On 15 December 2020 European Commission published proposals for two regulations to regulate the platform economy: the digital services act (DSA) and the digital markets act (DMA). The aim of the digital services act is to rebalance responsibilities of users, platforms, and public authorities to European values and to foster innovation, growth and competitiveness, and facilitate the scaling up of smaller platforms, SMEs and start-ups. The digital markets act establishes a set of narrowly defined objective criteria for qualifying a large online platform as a so-called “gatekeeper”. Pursuant to the DMA proposal, gatekeeper is a company which:

  • has a strong economic position, significant impact on the internal market and is active in multiple EU countries;
  • has a strong intermediation position, meaning that it links a large user base to a large number of businesses;
  • has (or is about to have) an entrenched and durable position in the market, meaning that it is stable over time.
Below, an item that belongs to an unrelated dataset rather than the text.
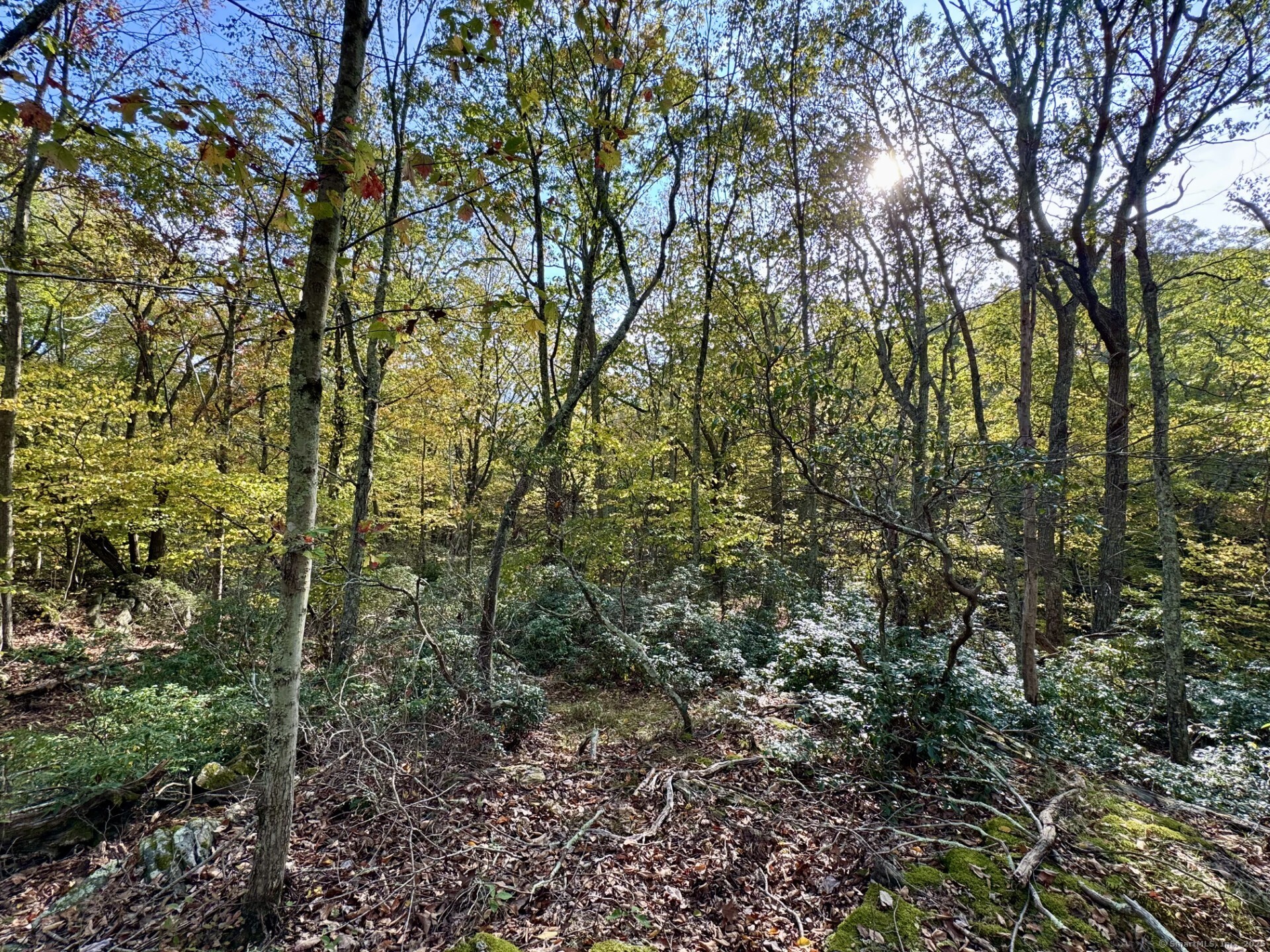 69 Moosehorn Road Roxbury, CT 06783 - Photo 7 of 13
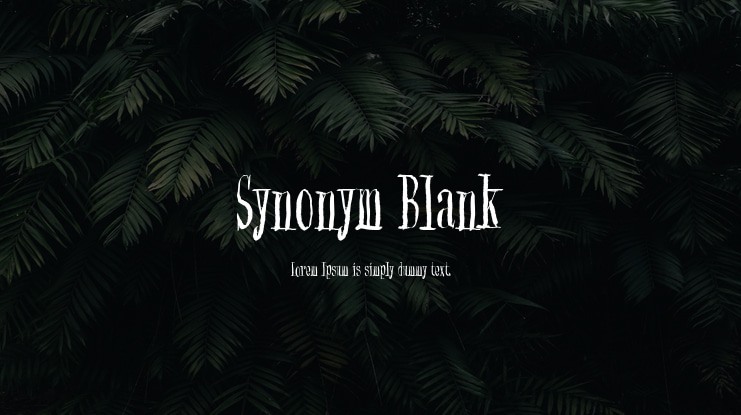 Synonym Blank Font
With the increasing concern about the platform economy and the related financial activities in Mainland China, the National Development and Reform Commission of China and seven other official departments published a note on 18 January 2022, indicating major proposals for future policy and regulation towards the fast-growing platform economy.  First of all, The note proposes that future amendments of the Anti Monopoly Law of China and the improvement of the supporting laws of the Data Security Law of the People's Republic of China and the Personal Information Protection Law of the People's Republic of China are required for prohibiting unfair competition on the Internet and clarifying the boundaries of platform responsibility. Moreover, the note puts an emphasis on the protection of customers’ information, which is regarded as a key corporate asset in the current competitive market. Second, certain guidance should be implemented for helping platform companies to strengthen negotiations with workers in new forms of employment. To ensure the openness and transparency of the system, employment directly related to the rights and interests of laborers shall be released to the public. Third, the proposal suggests strengthening the supervision of the financial sector, and strictly scrutinizing improper payment practices and any illegal operations are important to maintain the market order. Fourth, key industries and fields that are closely related to platform business require improved competition supervision and law enforcement in the entire chain. Last but not least, the note mentions that new policies will be imposed to guide platform companies to further leverage the platform’s market and data advantages. Moreover, a new working mechanism is required to protect the legitimate rights and interests of Chinese platform companies in regard to technological innovation, enhance core competitiveness, overseas intellectual property protection assistance, dispute mediation, etc.